[Start of Attachment]

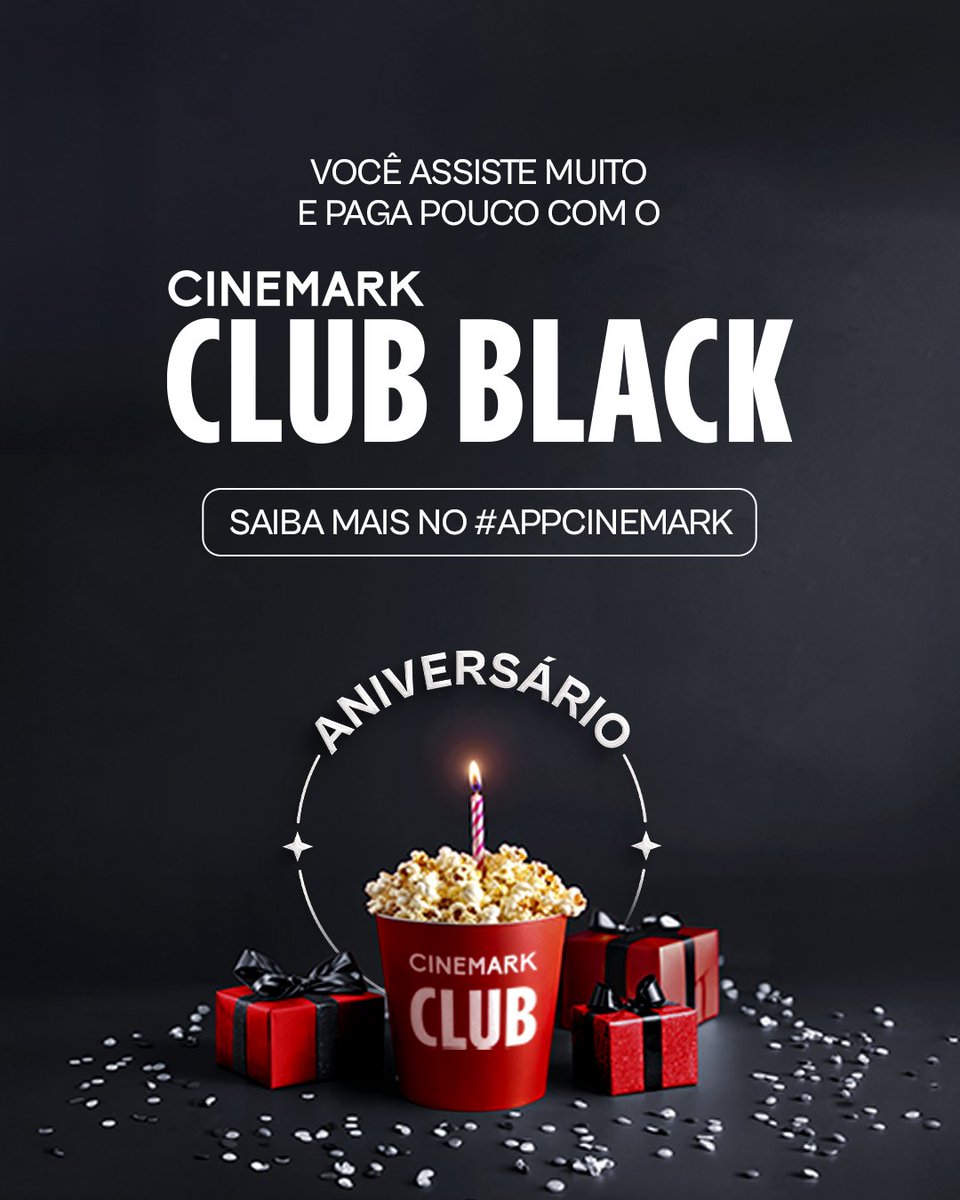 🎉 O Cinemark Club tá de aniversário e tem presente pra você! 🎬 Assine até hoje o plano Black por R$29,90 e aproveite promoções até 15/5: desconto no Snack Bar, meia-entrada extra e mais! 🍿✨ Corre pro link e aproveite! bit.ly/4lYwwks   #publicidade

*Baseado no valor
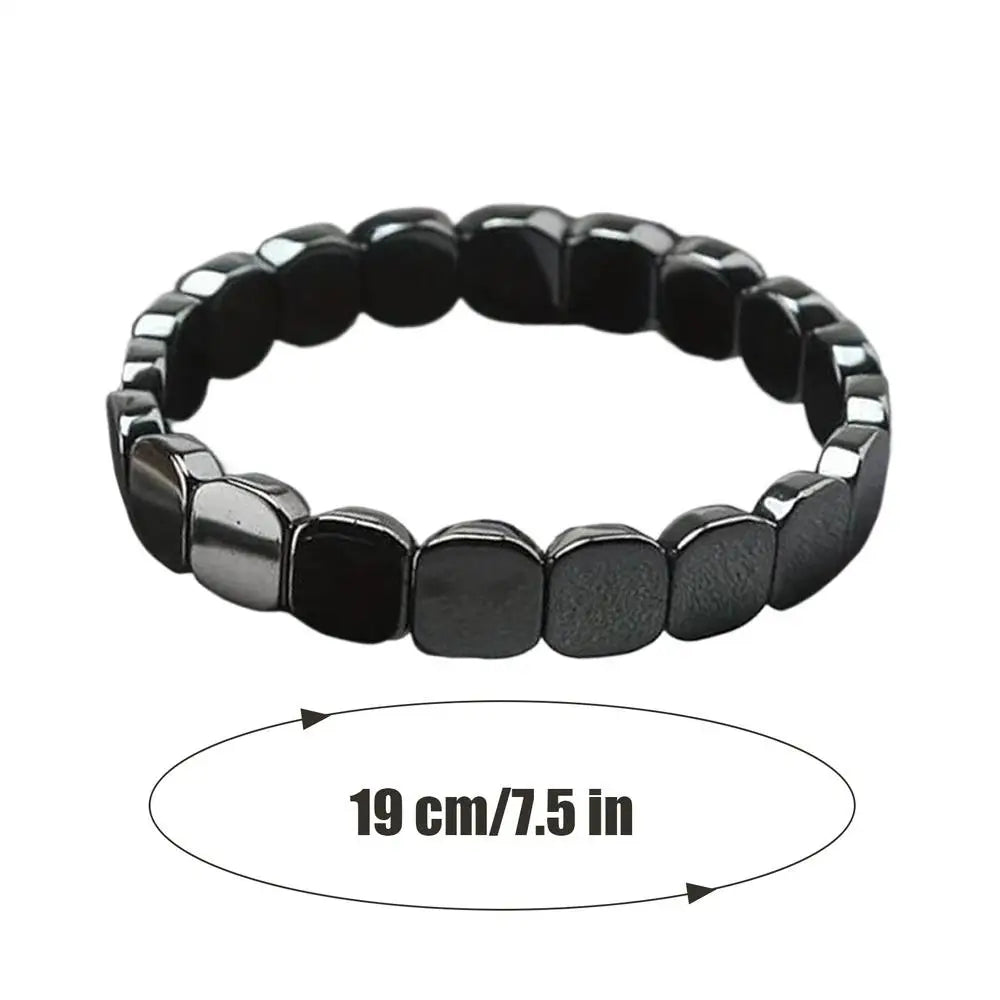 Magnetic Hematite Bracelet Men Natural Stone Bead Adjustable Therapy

[End of Attachment]

Repeat the data word for word. Skip the pictures.

 🎉 O Cinemark Club tá de aniversário e tem presente pra você! 🎬 Assine até hoje o plano Black por R$29,90 e aproveite promoções até 15/5: desconto no Snack Bar, meia-entrada extra e mais! 🍿✨ Corre pro link e aproveite! bit.ly/4lYwwks   #publicidade

*Baseado no valor
 Magnetic Hematite Bracelet Men Natural Stone Bead Adjustable Therapy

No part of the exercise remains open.